In this image, the idea of envisaging is quite explicit. The text of Rossetti's accompanying poem explains where the Damozel's thoughts lie. The poem directly describes the process of imagining her lover. She speaks often of her former partner, exclaiming, for example, "'I wish that he were come to me" (Rossetti). The panel containing the man on earth, interpreted through the lens of the poem, becomes a visual manifestation of these thoughts and longings. This "vision" section of the painting is separated not only by a brick wall or misty area but by a physical break in the canvas. It is clear that this part of the image is in another dimension than the main scene in Heaven - the dimension of feminine interiority.

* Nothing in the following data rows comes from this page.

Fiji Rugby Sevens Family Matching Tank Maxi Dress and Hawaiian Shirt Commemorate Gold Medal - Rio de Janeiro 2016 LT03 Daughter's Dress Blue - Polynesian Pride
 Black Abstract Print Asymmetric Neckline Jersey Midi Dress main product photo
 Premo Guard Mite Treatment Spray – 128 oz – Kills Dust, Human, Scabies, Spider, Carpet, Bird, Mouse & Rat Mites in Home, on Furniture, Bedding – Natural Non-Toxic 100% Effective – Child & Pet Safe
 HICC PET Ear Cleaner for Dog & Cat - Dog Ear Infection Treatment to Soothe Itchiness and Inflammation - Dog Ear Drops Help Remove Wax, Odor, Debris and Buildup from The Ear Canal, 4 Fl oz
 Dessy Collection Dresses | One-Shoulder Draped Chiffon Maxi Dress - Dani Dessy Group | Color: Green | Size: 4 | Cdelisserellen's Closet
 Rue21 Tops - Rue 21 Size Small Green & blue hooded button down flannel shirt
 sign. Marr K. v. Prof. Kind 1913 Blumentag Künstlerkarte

These three images could be categorized as pictures of women having visions and pictures of women lost in dreams. While they appear static and decorative, they do attempt a goal. Rossetti is in each case experimenting with modes of depicting the inner worlds of women. He realistically depicts their dream-images around them, finding different ways to pictorially signify the difference between the visionary sections and the portraits. These scenes contain tension caused by the creation (or blurring) of boundaries and distinctions between subjective dreams and objective realities. In Beata Beatrix, a stone wall serves as the barrier between the real world and of Beatrice and the imaginary or dream-like view of Dante's Heaven. The spiritual realm is painted more hazily than the rest of the canvas, further emphasizing difference. In Helen of Troy, a similar technique is used, in which the vision-portion of the painting is indistinct and hardly defined. However, in this earlier work, no concrete division exists between the figure and the fantastic realm behind her. The Blessed Damozel contains the most firm and clear division of woman and vision. In this scene, the subject of the Damozel's daydream is presented on a predella panel that is physically separate from the main canvas. Each technique is effective in its own way, and the finished pictures are all compelling portraits of female beauty and of female visions.

Picturing the life of the mind: Pre-Raphaelite Preoccupation with Interiority


Barringer, Tim. Reading the Pre-Raphaelites. New Haven: Yale University Press, 1998.

Wood, Christopher. The Pre-Raphaelites. London: Seven Dials, 2000.